Here's what we use to help us make that decision -- along with taste tests of course!
What is that bottle...? It looks like...?!? Yes, it's iodine, the kind you might use on cuts or scrapes, or take along camping to purify water. Now think back to your chemistry classes in school & reaction experiments. Iodine reacts with starch and turns black. It reacts with sugar and loses its color. The apples in the center of the picture show white in the center and black outside that. The bottom apple is a Zestar!, the middle apple is a Chestnut Crab, and the top apple (almost all black) is a Ginger Gold. As apples ripen the white center grows.
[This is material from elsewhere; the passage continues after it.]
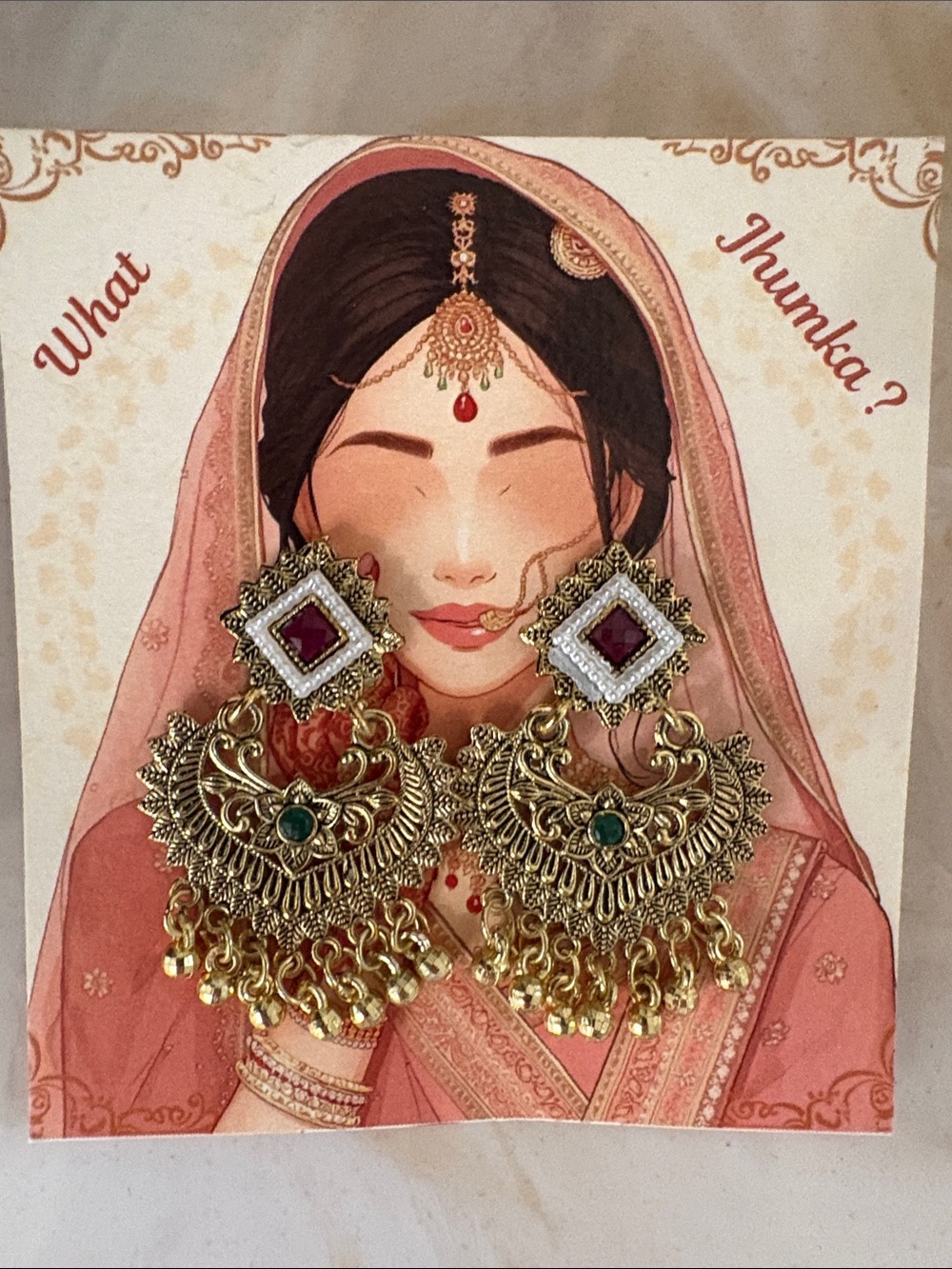 Gold-Tone Traditional Jhumka Earrings with Pink and Green Accents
At just slightly more white than is pictured, the apples are perfect for picking. Apples in normal storage will ripen and sweeten. Apples picked too ripe & put into storage will not keep as long. Apples picked too green will ripen & sweeten some, but may not gain the full flavor the grower and consumer would like. Just a few more days now & we'll be in the apple business for this season.
The apparatus in the top left corner is a refractometer. It measures the Brix. Brix is a measurement of the sucrose in a liquid solution (look it up in Wikipedia if you want a more thorough explanation). Because the apples also have fructose and other stuff in the liquid we squeeze from them, the refractometer only gives us an approximate sugar level & really doesn't tell us when the apples are ready. But it's pretty fun to use -- and we got to spend a bunch of money on it -- and it has a cool name.
Of course, the best way to tell when the apples are ready is to taste them. We have been tasting for a couple of weeks now -- and the 'green' taste is almost gone from the 3 earliest varieties. Coming soon to a farmers' market near you: Straight River Farm apples.